↓↓↓
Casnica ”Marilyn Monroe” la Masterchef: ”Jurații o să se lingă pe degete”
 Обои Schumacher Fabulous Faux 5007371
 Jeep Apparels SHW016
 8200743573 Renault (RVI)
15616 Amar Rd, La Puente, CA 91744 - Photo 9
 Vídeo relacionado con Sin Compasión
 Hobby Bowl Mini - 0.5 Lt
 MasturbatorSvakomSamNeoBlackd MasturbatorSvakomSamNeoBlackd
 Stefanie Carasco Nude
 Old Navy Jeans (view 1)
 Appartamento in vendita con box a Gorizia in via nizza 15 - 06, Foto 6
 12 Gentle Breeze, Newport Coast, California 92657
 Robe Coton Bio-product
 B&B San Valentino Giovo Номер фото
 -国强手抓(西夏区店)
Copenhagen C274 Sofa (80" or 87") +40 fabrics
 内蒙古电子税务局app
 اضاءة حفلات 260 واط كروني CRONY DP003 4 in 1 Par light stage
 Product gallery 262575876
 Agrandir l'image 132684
↑↑↑
Work order. Your answer should be the exact lines above from the one with "Old Navy Jeans (view 1)" through the one with "-国强手抓(西夏区店)", both included, and nothing besides.

Solution to the problem.
 Old Navy Jeans (view 1)
 Appartamento in vendita con box a Gorizia in via nizza 15 - 06, Foto 6
 12 Gentle Breeze, Newport Coast, California 92657
 Robe Coton Bio-product
 B&B San Valentino Giovo Номер фото
 -国强手抓(西夏区店)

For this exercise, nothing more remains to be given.